- **INPUT DATA**:
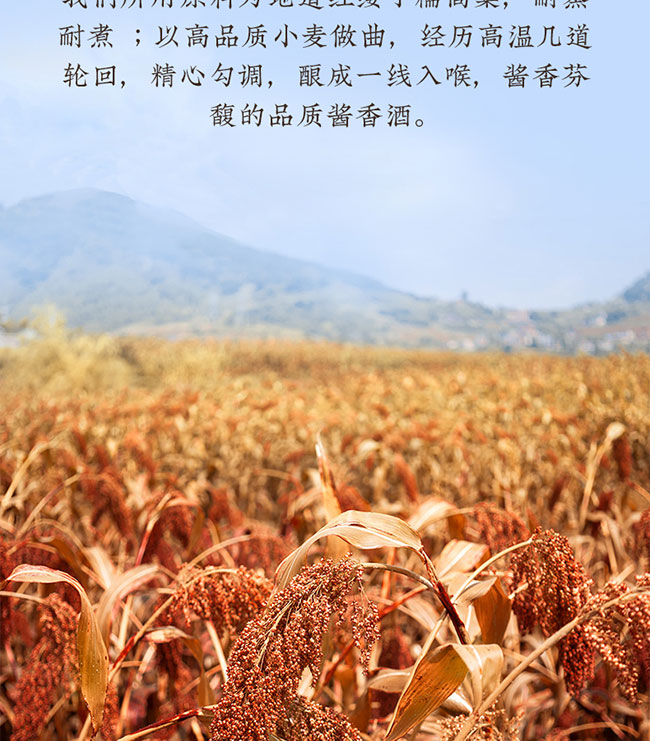 ǭ�^�󎟾� �u���Ͱ׾ơ�53�� 500ml��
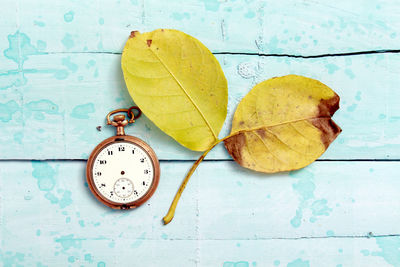 Close-up of yellow autumn leaf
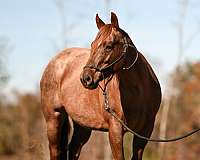 red-roan-aqha-mare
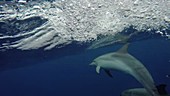 Spotted dolphins underwater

- **DESCRIPTION OF THE TASK**: Once the pictures are set aside, repeat the data above exactly.

- **YOUR RESPONSE**:
 ǭ�^�󎟾� �u���Ͱ׾ơ�53�� 500ml��
 Close-up of yellow autumn leaf
 red-roan-aqha-mare
 Spotted dolphins underwater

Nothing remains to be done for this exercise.